The first class that I visited was the Discrete Math class of one of my younger colleagues. I've visited his class before, and I expected this one to be good. I wasn't disappointed. It started out fine. I'm making little notes to myself about what I observed, and mentally sorting them for relevance. My philosophy of peer observation is that I don't want to comment on anything that is (a) a reasonable choice, even if not the one that I would have made, (b) peculiar to the particular lesson that I happened to see, or (c) out of the instructor's control. In other words, I'm trying to limit myself to reasonably constructive criticism. Anyway, after about half the class, he started in on a complicated proof of an important theorem. I knew this was going to be tough, and I was simply amazed at how well he pulled it off. He walked the students carefully through it, explained his thinking as he went along, got them to contribute key ideas, dealt with the inevitable side tracks, and just generally did it so much better than I have ever done it that I was amazed. I knew he was good, but this visit convinced me that he is fantastic.
The second visit didn't go quite so well. The professor I was observing is about the same level as I am. In fact, she's got one year seniority. Our relationship has always been tepid at best. And I knew from prior experience working with her that she isn't likely to take any advice from me at all. I'm not sure if she never takes advice from anyone, but she certainly doesn't from me. So I knew going into it that it was a waste of time. I wasn't going to see anything so terribly bad that it would be worth writing up to put in her file, and I wasn't going to come up with any helpful suggestions that she would actually take. The class itself was fine. I did come up with a couple of suggestions that I might have passed on to a different colleague, but with this person, I'm not going to bother.
I didn't think that the two days when I was observed went very well. They weren't total disasters, but I just felt kind of off. Only one of the observers has given me feedback, and it was more positive than I felt. I was flattered, but I didn't really feel like it was an accurate reflection of what I'd done.
So, what is the purpose of peer review?
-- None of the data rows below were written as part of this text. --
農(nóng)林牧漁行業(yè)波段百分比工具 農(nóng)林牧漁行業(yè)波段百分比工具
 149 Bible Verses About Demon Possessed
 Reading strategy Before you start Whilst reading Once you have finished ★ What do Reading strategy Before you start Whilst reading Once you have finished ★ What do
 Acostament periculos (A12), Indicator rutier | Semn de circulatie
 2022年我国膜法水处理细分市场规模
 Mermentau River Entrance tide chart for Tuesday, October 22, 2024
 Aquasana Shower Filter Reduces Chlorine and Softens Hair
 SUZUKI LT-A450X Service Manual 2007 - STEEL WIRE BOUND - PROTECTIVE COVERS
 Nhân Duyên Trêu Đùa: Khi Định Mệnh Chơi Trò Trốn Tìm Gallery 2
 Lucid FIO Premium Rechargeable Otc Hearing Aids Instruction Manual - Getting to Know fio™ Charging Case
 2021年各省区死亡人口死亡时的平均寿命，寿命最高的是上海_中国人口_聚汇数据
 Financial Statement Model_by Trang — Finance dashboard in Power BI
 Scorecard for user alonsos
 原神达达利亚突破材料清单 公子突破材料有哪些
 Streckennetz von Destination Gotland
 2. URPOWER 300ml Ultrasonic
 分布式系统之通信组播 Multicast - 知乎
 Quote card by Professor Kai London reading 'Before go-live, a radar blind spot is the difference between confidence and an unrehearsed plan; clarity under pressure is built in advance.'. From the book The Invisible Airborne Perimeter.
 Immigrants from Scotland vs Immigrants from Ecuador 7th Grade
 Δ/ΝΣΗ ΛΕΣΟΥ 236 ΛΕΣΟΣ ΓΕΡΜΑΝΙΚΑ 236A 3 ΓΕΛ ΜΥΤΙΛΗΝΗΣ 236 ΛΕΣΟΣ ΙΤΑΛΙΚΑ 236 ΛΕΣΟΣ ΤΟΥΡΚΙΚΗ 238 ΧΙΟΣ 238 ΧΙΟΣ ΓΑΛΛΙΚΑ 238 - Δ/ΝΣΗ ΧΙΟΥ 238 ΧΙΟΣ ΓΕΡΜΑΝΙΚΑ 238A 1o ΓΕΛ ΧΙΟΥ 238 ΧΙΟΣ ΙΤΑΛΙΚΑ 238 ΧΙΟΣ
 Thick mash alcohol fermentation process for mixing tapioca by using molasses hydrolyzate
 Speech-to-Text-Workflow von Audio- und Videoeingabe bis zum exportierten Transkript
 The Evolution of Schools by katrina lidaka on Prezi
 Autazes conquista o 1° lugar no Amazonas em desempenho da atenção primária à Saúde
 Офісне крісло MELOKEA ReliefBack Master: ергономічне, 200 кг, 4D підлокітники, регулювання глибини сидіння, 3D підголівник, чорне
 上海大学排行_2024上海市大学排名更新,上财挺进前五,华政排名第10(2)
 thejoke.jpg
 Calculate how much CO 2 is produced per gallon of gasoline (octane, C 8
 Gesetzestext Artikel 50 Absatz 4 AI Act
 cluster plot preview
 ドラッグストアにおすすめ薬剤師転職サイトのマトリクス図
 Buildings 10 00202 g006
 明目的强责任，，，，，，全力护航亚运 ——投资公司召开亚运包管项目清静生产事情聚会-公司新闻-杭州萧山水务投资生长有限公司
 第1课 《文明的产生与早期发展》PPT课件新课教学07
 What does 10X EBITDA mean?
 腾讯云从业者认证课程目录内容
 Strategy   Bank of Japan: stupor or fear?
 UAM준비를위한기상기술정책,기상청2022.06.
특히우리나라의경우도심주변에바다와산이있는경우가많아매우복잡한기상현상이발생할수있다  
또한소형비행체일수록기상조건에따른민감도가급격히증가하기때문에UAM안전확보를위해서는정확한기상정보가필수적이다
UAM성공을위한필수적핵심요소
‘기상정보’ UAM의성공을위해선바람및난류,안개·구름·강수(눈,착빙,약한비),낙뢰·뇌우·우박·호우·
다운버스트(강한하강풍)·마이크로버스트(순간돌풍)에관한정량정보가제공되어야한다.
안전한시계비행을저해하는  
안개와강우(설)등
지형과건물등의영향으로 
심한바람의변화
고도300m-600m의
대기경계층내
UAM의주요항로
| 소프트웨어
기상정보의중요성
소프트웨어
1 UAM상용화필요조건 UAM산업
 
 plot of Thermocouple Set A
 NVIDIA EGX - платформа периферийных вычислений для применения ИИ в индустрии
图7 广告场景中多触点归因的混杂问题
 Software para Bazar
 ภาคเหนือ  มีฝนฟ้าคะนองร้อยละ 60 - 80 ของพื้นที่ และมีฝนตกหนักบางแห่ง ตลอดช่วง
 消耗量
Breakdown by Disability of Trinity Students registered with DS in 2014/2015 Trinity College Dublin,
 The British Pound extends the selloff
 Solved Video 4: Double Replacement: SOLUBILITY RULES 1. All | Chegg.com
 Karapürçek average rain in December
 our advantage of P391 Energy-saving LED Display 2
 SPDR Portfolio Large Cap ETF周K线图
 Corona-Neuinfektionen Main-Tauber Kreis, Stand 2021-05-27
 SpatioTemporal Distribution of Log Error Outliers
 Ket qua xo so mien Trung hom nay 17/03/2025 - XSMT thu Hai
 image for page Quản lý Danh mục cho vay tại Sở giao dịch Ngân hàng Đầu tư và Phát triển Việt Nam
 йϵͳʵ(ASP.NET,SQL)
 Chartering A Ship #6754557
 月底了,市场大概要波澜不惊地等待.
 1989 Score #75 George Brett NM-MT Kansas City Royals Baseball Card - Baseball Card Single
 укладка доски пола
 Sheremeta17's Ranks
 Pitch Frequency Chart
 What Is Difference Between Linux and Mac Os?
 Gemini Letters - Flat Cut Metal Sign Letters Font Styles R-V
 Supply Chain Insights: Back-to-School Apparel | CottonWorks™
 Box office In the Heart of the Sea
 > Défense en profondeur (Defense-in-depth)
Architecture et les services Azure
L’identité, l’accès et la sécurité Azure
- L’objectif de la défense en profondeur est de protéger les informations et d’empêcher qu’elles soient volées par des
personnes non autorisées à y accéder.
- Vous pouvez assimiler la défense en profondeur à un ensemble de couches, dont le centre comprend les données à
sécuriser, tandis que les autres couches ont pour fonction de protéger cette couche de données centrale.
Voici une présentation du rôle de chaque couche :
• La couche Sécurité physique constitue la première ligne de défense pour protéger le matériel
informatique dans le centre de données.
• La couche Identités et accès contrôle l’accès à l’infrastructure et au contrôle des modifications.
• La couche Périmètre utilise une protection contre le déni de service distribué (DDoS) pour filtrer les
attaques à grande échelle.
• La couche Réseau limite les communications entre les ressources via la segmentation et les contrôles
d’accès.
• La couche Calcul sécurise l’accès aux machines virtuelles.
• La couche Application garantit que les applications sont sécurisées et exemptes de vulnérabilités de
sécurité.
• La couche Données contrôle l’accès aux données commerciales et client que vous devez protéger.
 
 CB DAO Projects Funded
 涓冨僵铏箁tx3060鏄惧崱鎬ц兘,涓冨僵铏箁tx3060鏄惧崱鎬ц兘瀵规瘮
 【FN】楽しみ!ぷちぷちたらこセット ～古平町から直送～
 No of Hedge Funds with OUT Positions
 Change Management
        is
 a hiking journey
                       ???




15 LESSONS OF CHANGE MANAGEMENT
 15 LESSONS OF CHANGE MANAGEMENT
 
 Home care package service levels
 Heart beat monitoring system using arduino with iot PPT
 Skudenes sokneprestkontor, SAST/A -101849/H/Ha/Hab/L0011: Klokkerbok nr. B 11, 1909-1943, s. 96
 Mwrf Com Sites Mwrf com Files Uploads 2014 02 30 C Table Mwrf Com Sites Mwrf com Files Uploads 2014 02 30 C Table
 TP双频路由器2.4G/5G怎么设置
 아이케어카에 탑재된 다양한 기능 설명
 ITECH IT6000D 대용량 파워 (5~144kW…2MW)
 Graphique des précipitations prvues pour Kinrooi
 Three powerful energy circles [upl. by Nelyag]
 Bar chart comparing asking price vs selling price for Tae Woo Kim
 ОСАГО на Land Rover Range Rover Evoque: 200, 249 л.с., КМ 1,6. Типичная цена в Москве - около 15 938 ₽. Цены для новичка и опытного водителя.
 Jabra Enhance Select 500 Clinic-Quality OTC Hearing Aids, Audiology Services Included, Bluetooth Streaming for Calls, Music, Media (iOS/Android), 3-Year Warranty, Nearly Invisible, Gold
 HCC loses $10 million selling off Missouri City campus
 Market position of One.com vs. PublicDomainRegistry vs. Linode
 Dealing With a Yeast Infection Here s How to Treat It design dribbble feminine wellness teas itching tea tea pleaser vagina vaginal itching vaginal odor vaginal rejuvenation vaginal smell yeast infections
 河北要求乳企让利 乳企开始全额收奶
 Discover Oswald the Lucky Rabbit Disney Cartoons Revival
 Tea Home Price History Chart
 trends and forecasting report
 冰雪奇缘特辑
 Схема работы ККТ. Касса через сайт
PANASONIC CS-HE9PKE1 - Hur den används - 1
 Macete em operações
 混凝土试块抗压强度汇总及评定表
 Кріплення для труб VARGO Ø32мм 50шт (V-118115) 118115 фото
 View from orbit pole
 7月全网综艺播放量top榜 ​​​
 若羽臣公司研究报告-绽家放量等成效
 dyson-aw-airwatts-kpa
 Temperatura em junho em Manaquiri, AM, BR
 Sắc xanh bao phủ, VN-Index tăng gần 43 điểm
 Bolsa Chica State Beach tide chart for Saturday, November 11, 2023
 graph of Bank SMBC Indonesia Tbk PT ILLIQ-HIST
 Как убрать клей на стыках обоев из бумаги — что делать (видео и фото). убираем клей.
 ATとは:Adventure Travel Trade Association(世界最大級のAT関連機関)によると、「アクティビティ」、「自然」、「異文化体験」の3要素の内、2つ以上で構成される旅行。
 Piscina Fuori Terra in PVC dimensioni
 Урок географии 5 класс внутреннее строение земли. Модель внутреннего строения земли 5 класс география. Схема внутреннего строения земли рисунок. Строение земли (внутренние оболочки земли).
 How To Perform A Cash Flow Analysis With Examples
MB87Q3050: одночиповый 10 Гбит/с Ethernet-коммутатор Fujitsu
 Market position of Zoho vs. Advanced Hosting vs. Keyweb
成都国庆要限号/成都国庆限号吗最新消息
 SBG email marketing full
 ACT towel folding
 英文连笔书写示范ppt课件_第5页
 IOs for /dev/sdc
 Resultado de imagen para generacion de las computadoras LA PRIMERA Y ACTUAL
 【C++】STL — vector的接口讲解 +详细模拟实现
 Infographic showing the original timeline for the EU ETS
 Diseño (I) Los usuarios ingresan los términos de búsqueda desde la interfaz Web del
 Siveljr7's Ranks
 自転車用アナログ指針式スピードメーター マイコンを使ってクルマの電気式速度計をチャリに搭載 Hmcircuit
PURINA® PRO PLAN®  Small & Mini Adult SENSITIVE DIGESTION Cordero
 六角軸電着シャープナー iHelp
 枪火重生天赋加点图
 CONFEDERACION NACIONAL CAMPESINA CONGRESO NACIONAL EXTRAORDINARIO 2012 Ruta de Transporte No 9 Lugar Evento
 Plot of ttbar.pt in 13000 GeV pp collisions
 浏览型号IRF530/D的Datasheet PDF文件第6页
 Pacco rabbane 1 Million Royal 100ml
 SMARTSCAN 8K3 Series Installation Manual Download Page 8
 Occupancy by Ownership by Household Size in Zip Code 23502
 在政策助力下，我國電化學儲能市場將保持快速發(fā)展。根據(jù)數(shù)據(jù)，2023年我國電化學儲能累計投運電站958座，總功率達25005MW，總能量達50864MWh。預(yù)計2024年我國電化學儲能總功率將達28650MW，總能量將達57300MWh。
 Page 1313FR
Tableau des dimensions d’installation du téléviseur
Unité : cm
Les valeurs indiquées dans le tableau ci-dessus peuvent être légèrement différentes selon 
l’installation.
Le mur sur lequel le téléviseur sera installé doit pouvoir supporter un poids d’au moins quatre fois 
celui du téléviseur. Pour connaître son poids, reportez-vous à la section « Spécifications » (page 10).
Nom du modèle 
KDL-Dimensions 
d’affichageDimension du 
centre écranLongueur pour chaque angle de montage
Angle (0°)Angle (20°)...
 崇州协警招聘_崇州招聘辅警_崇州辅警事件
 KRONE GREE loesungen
Can you learn much about a fellow instructor from sitting in on one class? You could certainly tell if they were terrible, but we don't have any terrible instructors in our department (at least, not as far as I know.) Can we really tell the good from the great? I don't know. I suppose it's better than never having anyone observed in action, but I don't know if we are really generating a clear picture of anyone's strengths and weaknesses from one visit a semester.